◆ Task details
Leave out the images and transcribe the entries below word for word.

◆ Material for this exercise
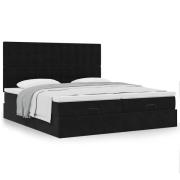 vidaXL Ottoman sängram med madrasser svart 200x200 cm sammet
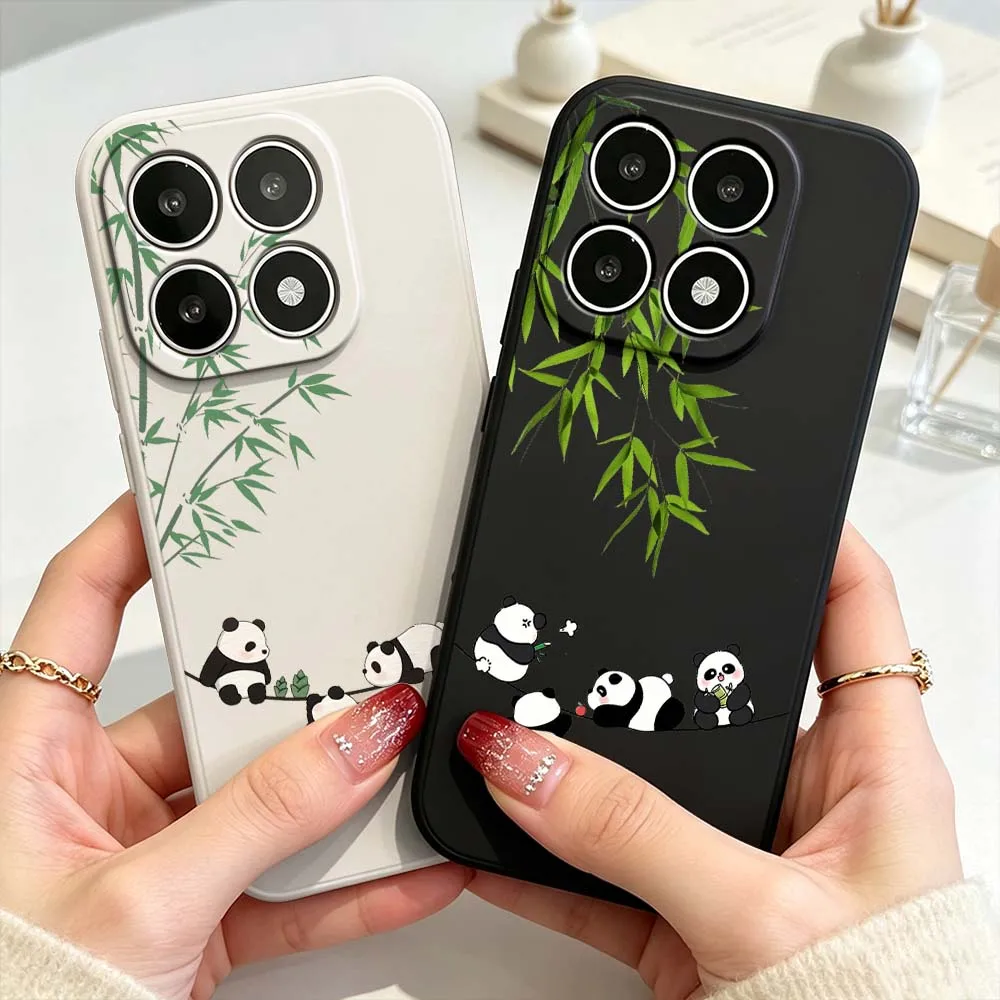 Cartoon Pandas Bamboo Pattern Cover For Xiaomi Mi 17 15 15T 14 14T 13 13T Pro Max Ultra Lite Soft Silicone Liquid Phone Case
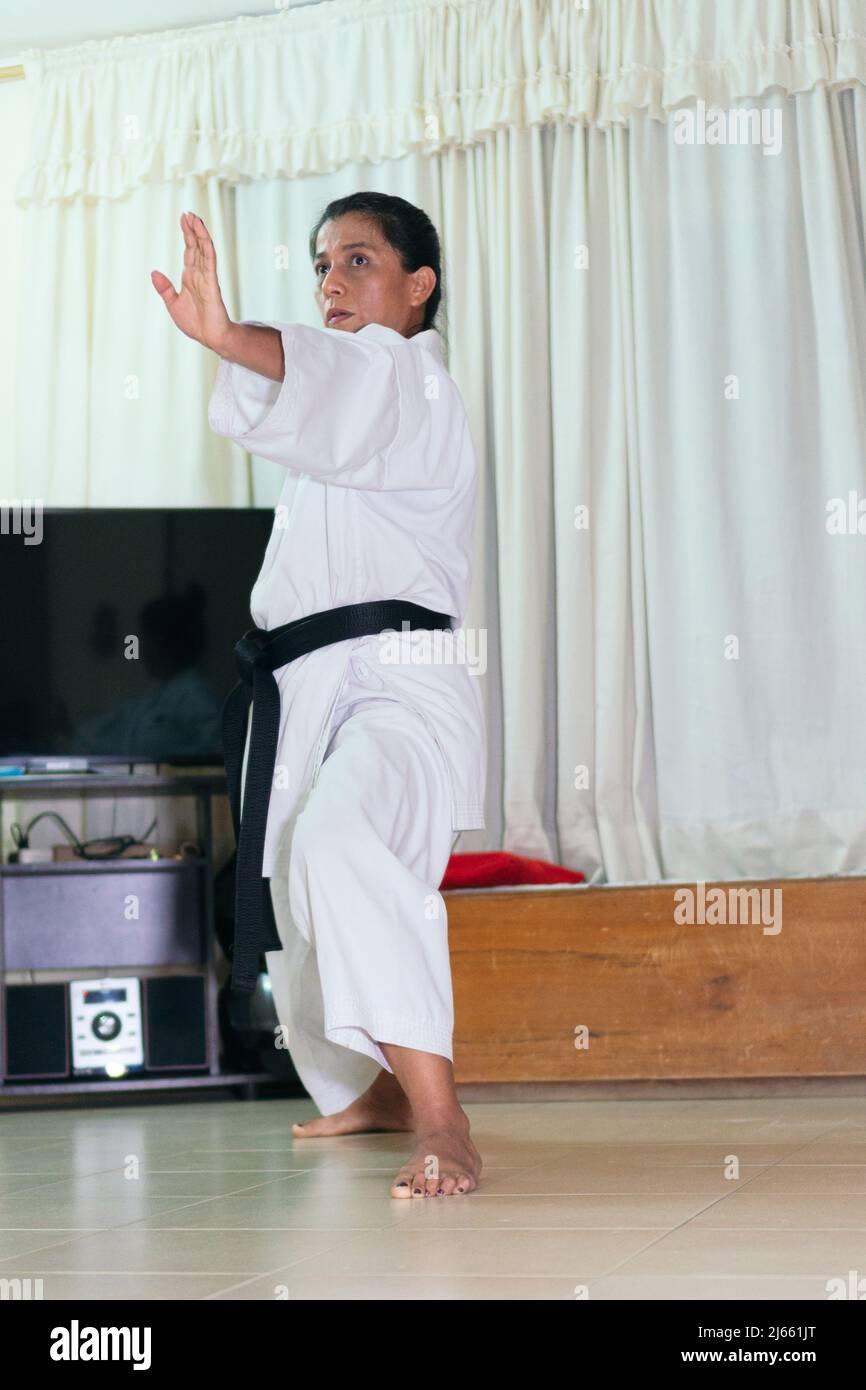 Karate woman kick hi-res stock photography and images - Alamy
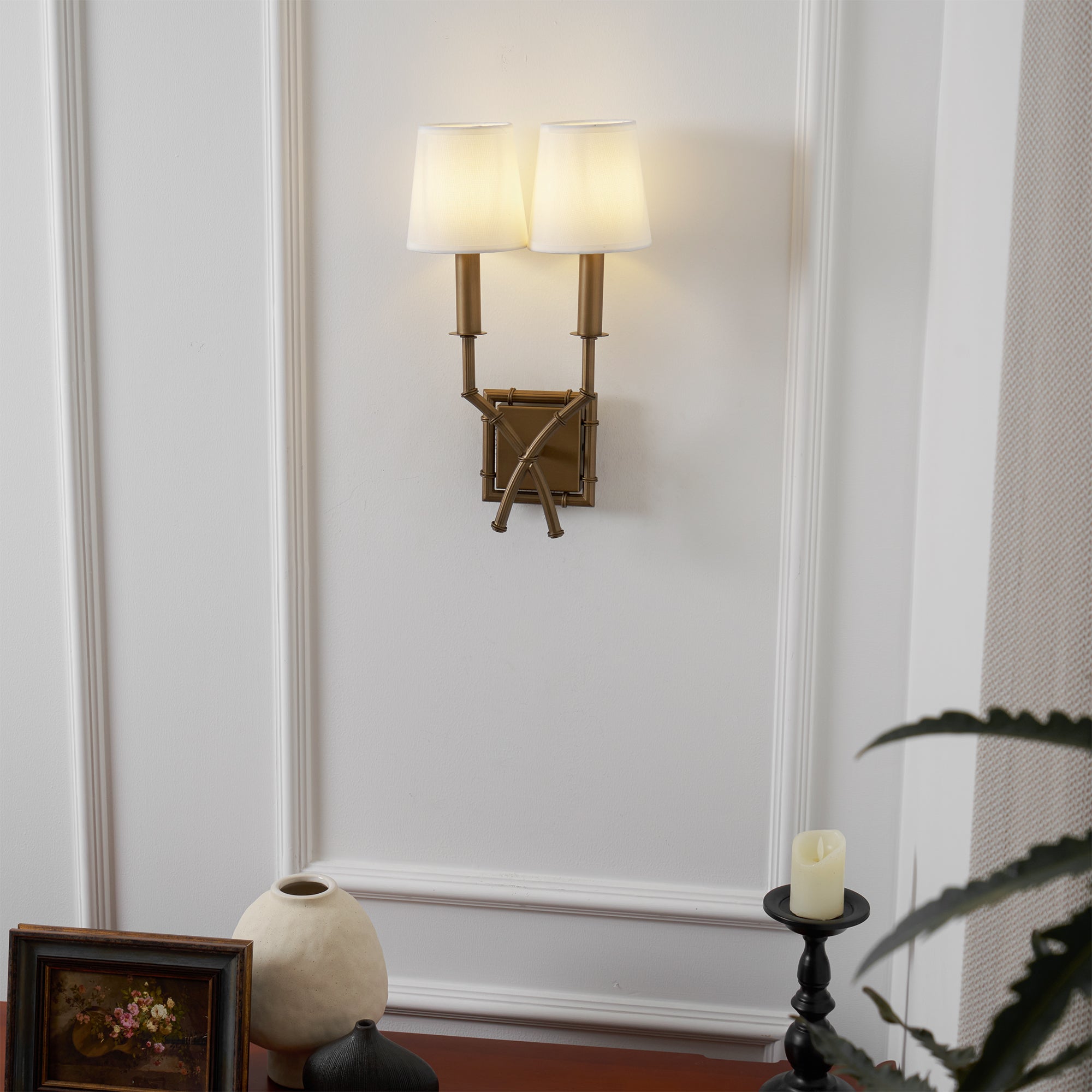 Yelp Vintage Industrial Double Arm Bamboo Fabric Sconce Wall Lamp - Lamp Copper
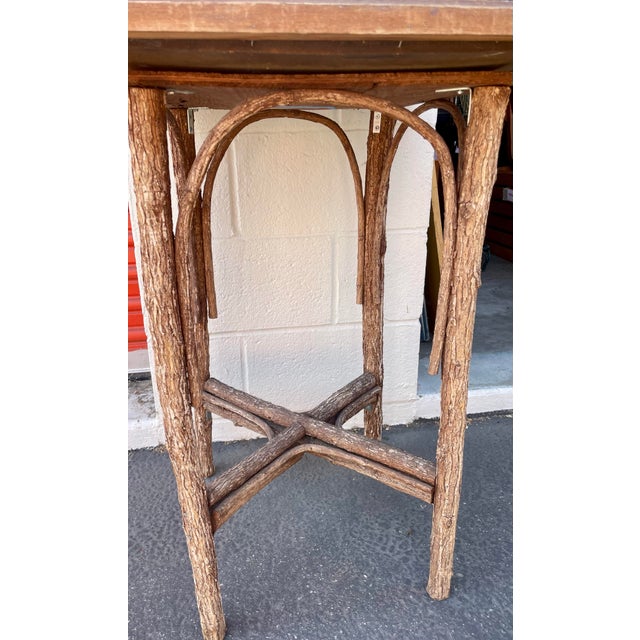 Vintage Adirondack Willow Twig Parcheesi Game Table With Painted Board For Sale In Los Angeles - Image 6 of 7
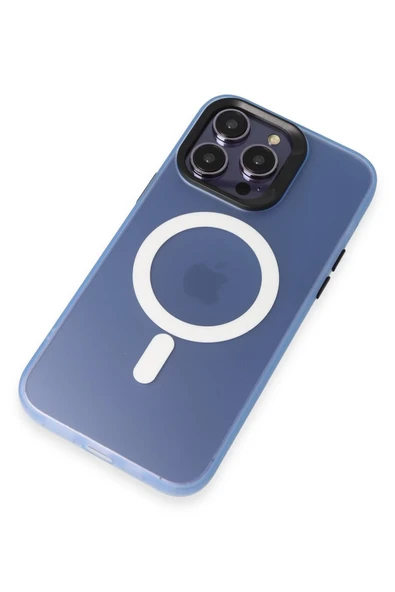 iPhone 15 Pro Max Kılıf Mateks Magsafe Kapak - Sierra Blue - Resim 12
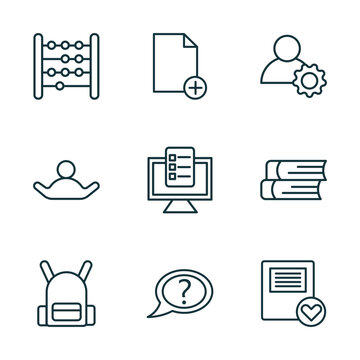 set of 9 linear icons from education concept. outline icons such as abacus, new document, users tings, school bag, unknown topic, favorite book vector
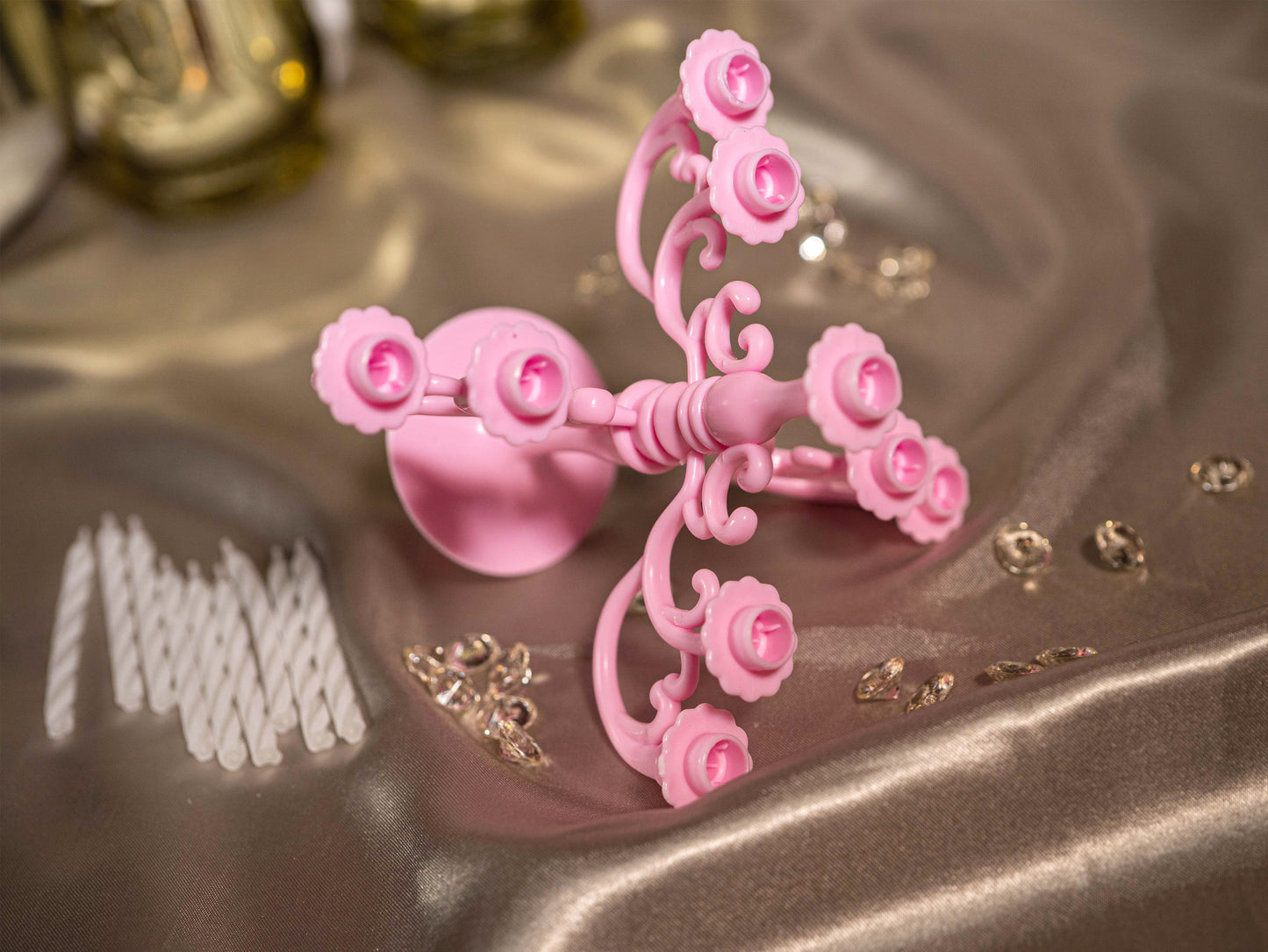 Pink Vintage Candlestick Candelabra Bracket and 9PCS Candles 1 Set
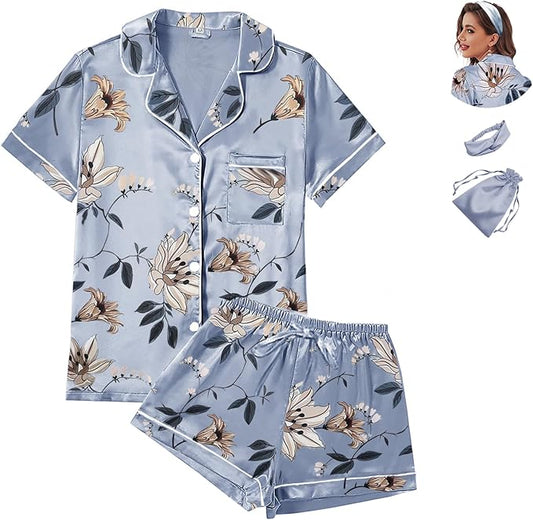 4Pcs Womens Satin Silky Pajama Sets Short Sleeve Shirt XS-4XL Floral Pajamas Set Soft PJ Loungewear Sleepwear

◆ Solution
 vidaXL Ottoman sängram med madrasser svart 200x200 cm sammet
 Cartoon Pandas Bamboo Pattern Cover For Xiaomi Mi 17 15 15T 14 14T 13 13T Pro Max Ultra Lite Soft Silicone Liquid Phone Case
 Karate woman kick hi-res stock photography and images - Alamy
 Yelp Vintage Industrial Double Arm Bamboo Fabric Sconce Wall Lamp - Lamp Copper
 Vintage Adirondack Willow Twig Parcheesi Game Table With Painted Board For Sale In Los Angeles - Image 6 of 7
 iPhone 15 Pro Max Kılıf Mateks Magsafe Kapak - Sierra Blue - Resim 12
 set of 9 linear icons from education concept. outline icons such as abacus, new document, users tings, school bag, unknown topic, favorite book vector
 Pink Vintage Candlestick Candelabra Bracket and 9PCS Candles 1 Set
 4Pcs Womens Satin Silky Pajama Sets Short Sleeve Shirt XS-4XL Floral Pajamas Set Soft PJ Loungewear Sleepwear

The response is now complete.